Material to process:
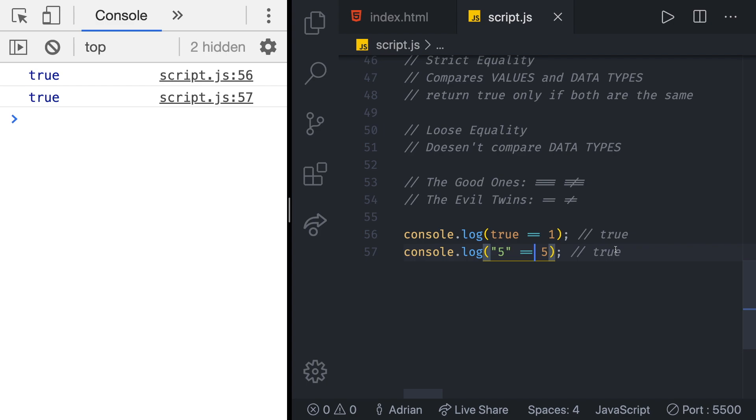But if we switch to using the strict equality as we always should we get false false because these two values are not the same and they should never be. With loose equality both of these are equal and that should never happen. Five is a string and should be treated like that. As I mentioned most of the JavaScript developers completely avoid loose equality and rely only on the strict equality. It is considered a better practice and it causes less bugs. From now on you're going to see me only use the strict equality.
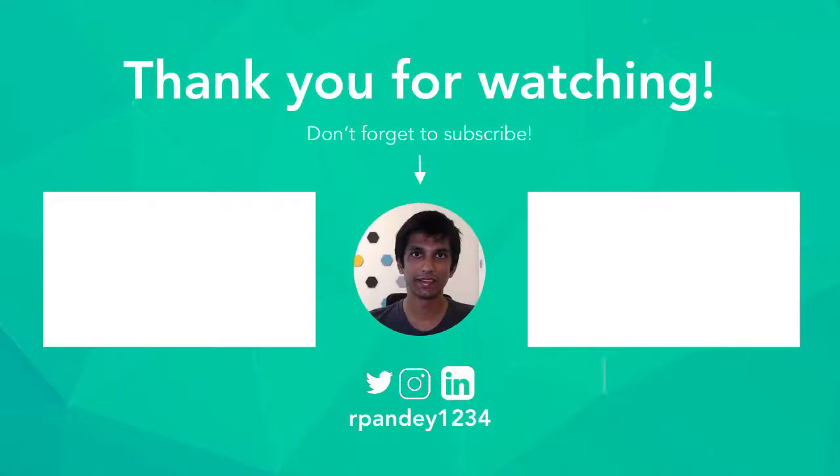If you found this helpful, please leave a like and don't forget to subscribe so you know when the next part comes out. See you all soon.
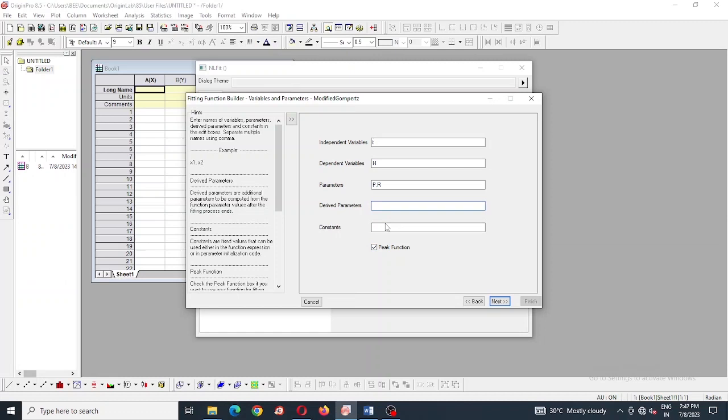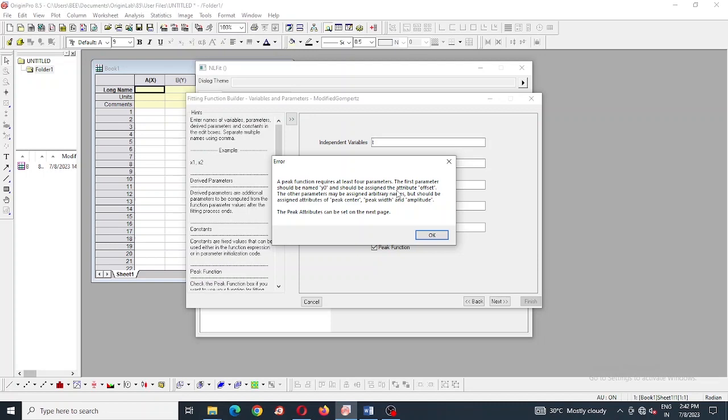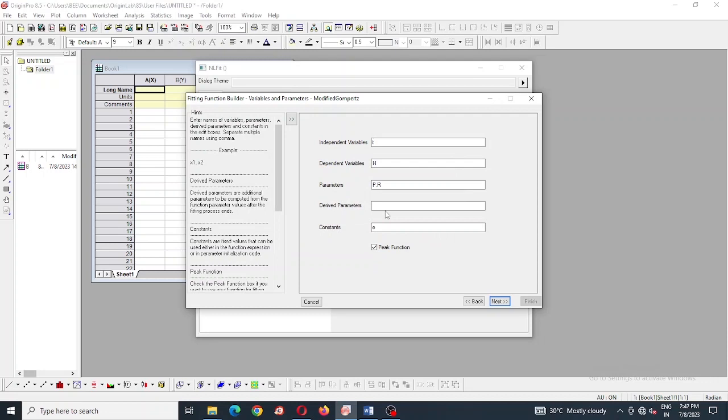Here constant is E. Lambda is not taking here, software is not taking lambda and that's why we are going to change this to X. At lambda space we are replacing with X.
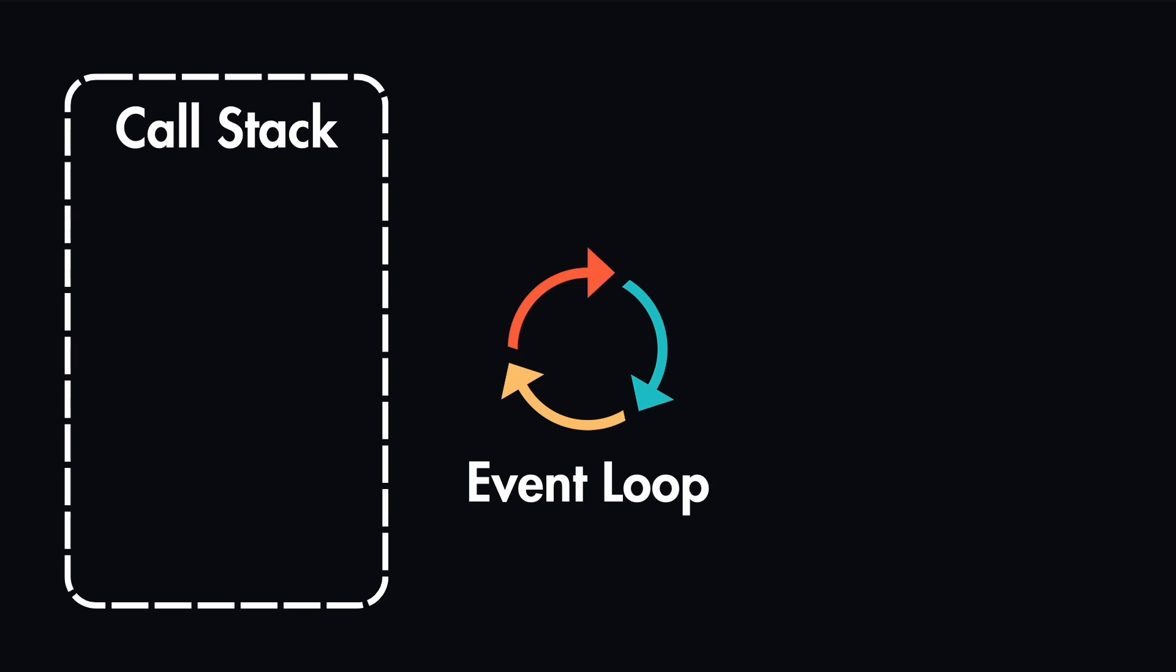Let's say we invoked three functions at the same time: the first task, the asynchronous task, and also the second task. Now, out of this, first and second tasks are synchronous.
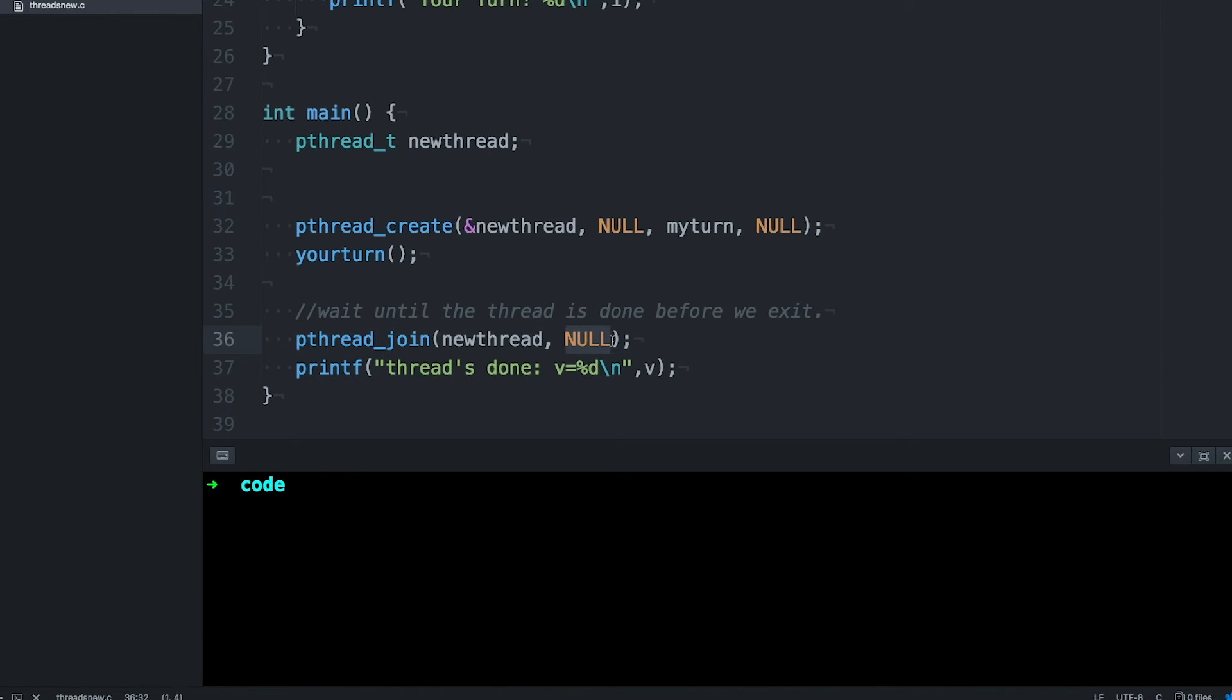When you leave it as null, you're basically saying I don't care what the thread returned, just tell me when it's done. But now we're returning allocated memory from the thread, so we really do care what's coming back.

What to work on: Print all the lines above again exactly, without any pictures.

Result of this task:
But if we switch to using the strict equality as we always should we get false false because these two values are not the same and they should never be. With loose equality both of these are equal and that should never happen. Five is a string and should be treated like that. As I mentioned most of the JavaScript developers completely avoid loose equality and rely only on the strict equality. It is considered a better practice and it causes less bugs. From now on you're going to see me only use the strict equality.
If you found this helpful, please leave a like and don't forget to subscribe so you know when the next part comes out. See you all soon.
Here constant is E. Lambda is not taking here, software is not taking lambda and that's why we are going to change this to X. At lambda space we are replacing with X.
Let's say we invoked three functions at the same time: the first task, the asynchronous task, and also the second task. Now, out of this, first and second tasks are synchronous.
When you leave it as null, you're basically saying I don't care what the thread returned, just tell me when it's done. But now we're returning allocated memory from the thread, so we really do care what's coming back.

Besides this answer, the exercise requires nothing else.